Adding compost to soil not only helps prevent methane emissions, but reduces carbon pollution emitted through waste treatment facilities.

Grow and Tell

Mudtown farmer Alicia Salmeron champions the shelf-life and cost-effectiveness of produce grown on urban farms.

“You go to Food 4 Less and you buy two, you’re lucky if they last five days,” Salmeron said, holding freshly picked bell peppers. “These will last you seven to 10 days, and you don’t even have to refrigerate them.”

Compton resident Ramiro Gonzalez is one of those people who tried new things during the coronavirus pandemic in 2020. Now, he finds a dozen or so freshly laid eggs waiting for him in his backyard when he comes home from work.

Transitioning from the streets of Compton to Gonzalez’s backyard is the suburbian equivalent of watching Dorothy step into Oz. The ripples of a waterfall juxtapose with the “buck-buck” of hen, some of whom he poaches.

“The flavor of the meat is ridiculous,” Gonzalez said. “I always thought chicken was chicken… it’s not.”

Then, there is the wealth of produce that surrounds a small pond where koi fish apprehensively observe visitors.

Gonzalez says nurturing this miniature farm in his backyard not only saves a considerable amount of money during grocery trips, but improves the quality of the food he eats.

“The flavor is a lot stronger,” Gonzalez said. “Just like the apples, they’re sweeter, juicer and they always have that crunch.”

Building Community

Examples from across the globe show that urban agriculture not only promotes the wellbeing of families by streamlining access to fresh produce and reducing costs, but also enables communities to join the produce market.

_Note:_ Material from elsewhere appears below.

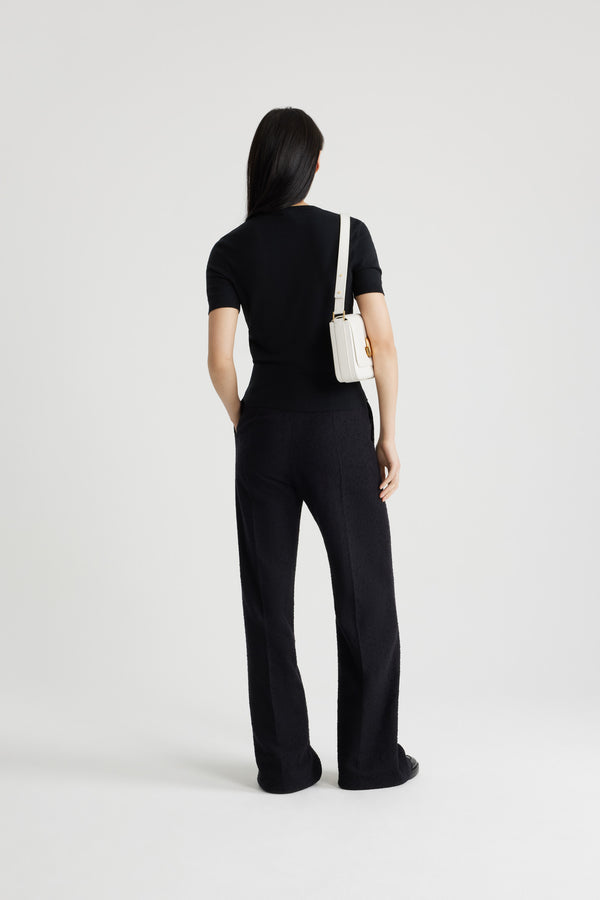 Patou - Pantalone iconico in tweed di lana ecosostenibile e cotone bio - Black - Pantalone in tweed di lana ecosostenibile e cotone bio nero. Modello iconico. Gamba dritta. Chiusura con bottone oro inciso JP e zip sul davanti. Passanti per cinture e tasche laterali. Pinces signature sul retro.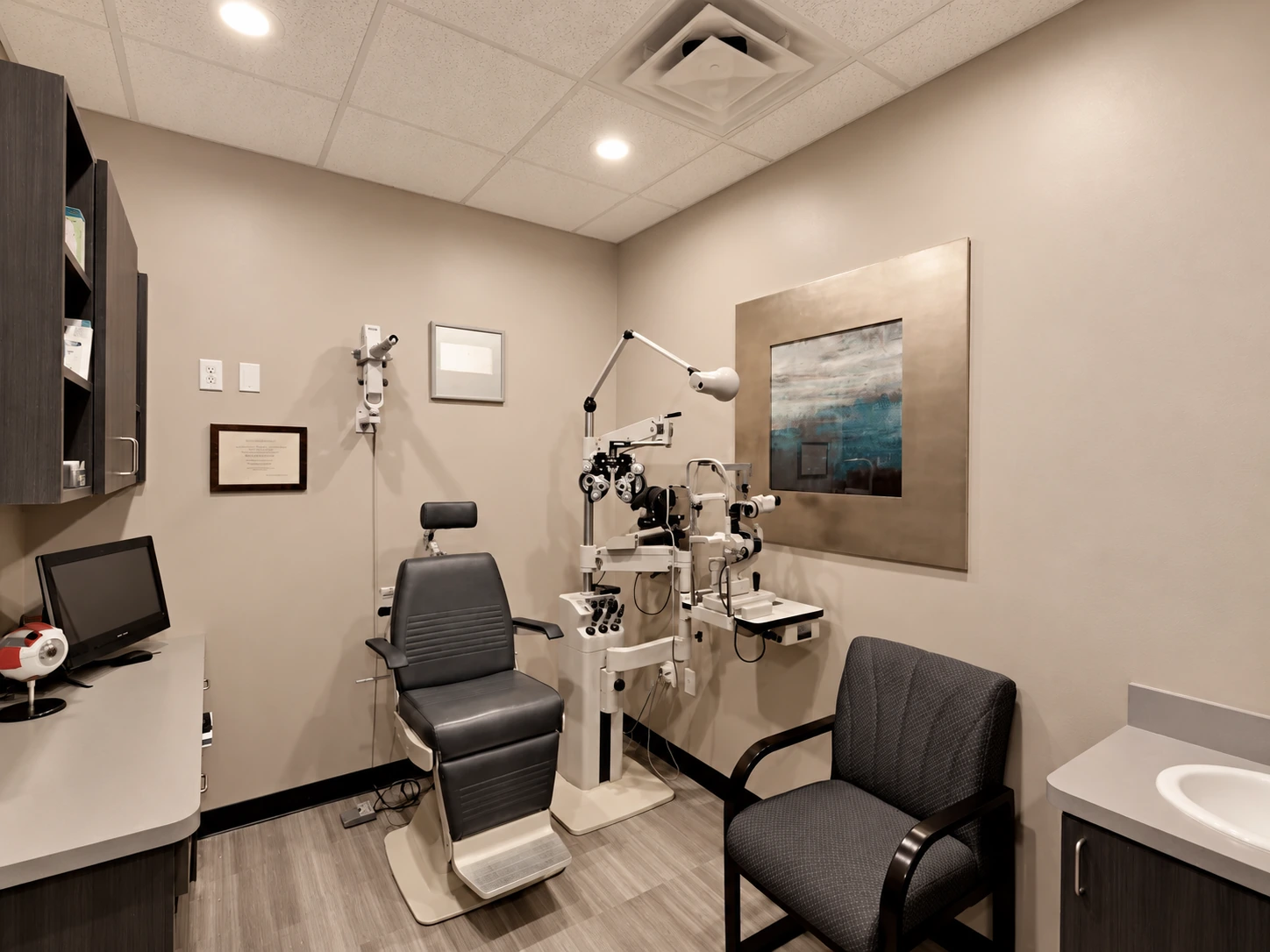 A private examination room at Tatum Eyecare with the exam chair and ophthalmic instruments ready for a patient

“It’s a food desert here,” Salmeron said. “There isn’t good produce available, lots of fast food, and this is going to show the residents that with just a little bit of TLC and some time, they can grow their own produce.”

While Mudtown produce is often given away to community members, the farm plans to promote entrepreneurship within the community by selling to local restaurants.

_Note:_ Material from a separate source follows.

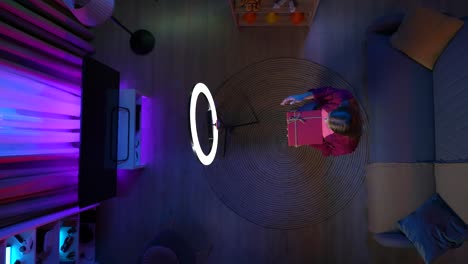 woman reading at night with ring light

Across L.A., other farmers also foster their own relationships to their community.

In the Carver Middle School garden, just beside Galindez’s native plants of his indigenous Mexican heritage, sits a bust of George Washington Carver with green foliage hugging the foundation. It comes after walking through a sea of greenery, mounds of moist compost hosting visible organisms underneath the surface and a bed of sunflowers that would stop Vincent van Gogh in his tracks.

Galindez says that by opening this space, he and his team of farmers can cultivate healthy relationships between all walks of life within the community.

“We have our Black and Brown brothers and sisters come into the space and to just take a second and relax, take a second and breathe,” Galindez said.

An Aurora University report found that urban farms in Baltimore enabled gardeners to build trusting relationships with their neighbors. Meanwhile, in Ohio, empty lots that were transformed into community green spaces have proven to reduce crime rates.

Mudtown follows a similar path in which members of the community have a say on what they believe the community needs.

“We’re trying to get input from the community on what they want to grow, so that we can grow,” Post said. “But they want to eat, so that we can grow it and have this collaborative process to one, supplement people’s diets, and also give them a place where they can just experience the tranquility of natural space.”

Post says that Mudtown Farms isn’t in Watts to replicate our idea of nature; it’s a contrived representation of nature. “You’re never going to find pristine nature anywhere anyways,” she said.

Instead, it’s about giving the community a second chance to define itself and what it could be, rather than the decades media coverage of gang violence, poverty and 1992 Los Angeles uprising.

Galindez rejects the idea that a college degree is the only way to streamline the practice of sustainable farming within low-income communities. Instead, the power to change a community for the better exists within the individual.

“The difference between a gardener and a farmer is that a gardener grows food for himself,” Galindez said. “A farmer grows food for other people. So as soon as you start growing food for somebody, you’re a farmer.”